角川文庫版を読んだ。


文庫化されてすぐに買ったのに、それから読み終えるまでに1年半以上経っちゃった。
前作『AnotherエピソードS』を読み返して復習(予習?)していたこともあるけど、遅すぎだねぇ。
本作を読むなら、『Another』と『AnotherエピソードS』を絶対に先に読んでおいた方がいい。
夜見北中3年3組に起こる“災厄”。
ある年とない年があるけど、2001年はある年だった。
そのクラスにはエピソードSのメインキャラクター比良塚想が。
どれほどの災厄に見舞われるのか。
そして、その災厄を止めることはできるのか。
結果は…
いやぁ、すごい展開だったねぇ。
存分に災厄の怖さを味わったし、楽しんだ。
比良塚想と見崎鳴、ふたりの物語としても、大いに楽しめる。
このふたりの関係を楽しむためにも、やっぱりエピソードSは先に読んでほしい。
<ここから先は内容に触れているので、未読の方はご注意ください>
『Another』では、紛れ込んだ死者が誰かわかった時に、あっと言わされたし、気持ちのいいやられた感を味わった。
でも、今作では最初から紛れ込んだ死者が誰か示されている(『Another』を読んだ人にはわかる)。
それで、どういう展開になるのか。
災厄を止める方法は過去の経験者に残る記憶から、生徒のひとりを“いないもの”として、死者とのバランスを取ること。

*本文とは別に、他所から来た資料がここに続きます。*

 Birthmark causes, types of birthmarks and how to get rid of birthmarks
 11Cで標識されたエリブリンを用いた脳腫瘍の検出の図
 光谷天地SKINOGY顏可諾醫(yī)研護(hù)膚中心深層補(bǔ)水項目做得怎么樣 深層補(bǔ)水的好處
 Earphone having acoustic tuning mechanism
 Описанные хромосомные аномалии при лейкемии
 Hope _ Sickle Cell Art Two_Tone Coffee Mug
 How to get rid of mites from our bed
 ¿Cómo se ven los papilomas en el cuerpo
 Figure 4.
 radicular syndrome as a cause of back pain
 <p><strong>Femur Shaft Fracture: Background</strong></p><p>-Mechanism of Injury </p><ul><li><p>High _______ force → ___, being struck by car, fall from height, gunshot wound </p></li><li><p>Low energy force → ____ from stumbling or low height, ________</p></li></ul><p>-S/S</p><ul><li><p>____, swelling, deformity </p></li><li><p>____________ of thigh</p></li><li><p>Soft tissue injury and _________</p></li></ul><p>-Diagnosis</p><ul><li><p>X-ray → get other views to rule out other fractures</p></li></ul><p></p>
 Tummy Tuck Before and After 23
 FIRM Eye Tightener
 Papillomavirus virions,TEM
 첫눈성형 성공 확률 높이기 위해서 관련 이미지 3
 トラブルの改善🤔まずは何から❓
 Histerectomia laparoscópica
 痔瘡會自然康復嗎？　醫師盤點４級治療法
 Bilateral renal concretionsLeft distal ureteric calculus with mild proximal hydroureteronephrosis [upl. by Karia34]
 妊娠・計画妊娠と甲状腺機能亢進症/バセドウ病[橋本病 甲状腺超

そして、紛れ込んだ死者がわかったら、その死者を死の世界に還すこと。
念を入れて“いないもの”をふたりにし、災厄は止められたかに思えたけど、話はまだ半ば。
どうなるのかと思ったら、災厄が復活してしまった。
その理由は、どうやら紛れ込んだ死者がもうひとりいたかららしいと、読んでいても気づく。
はたして、ふたりめの死者は誰なのか。
葉住結香だというミスリードに、まんまとはまった気が(笑)
真のふたりめの死者の正体がわかった時は、そういうことかと。
言われてみれば、それらしき伏線はいくつもあった。
その伏線は読者がふたりめの死者を含む真相に近づくためというより、すべてが明らかになった時の納得感につながるものって感じかな。
そして、かなり衝撃的な結末。
いやぁ、やっぱり綾辻作品はすごい。
しかし、辻村深月の解説は深いなぁ。
そこまで考えて、感じて読んでないよぉ。
解説を読んでから再読するのも良さそうだね。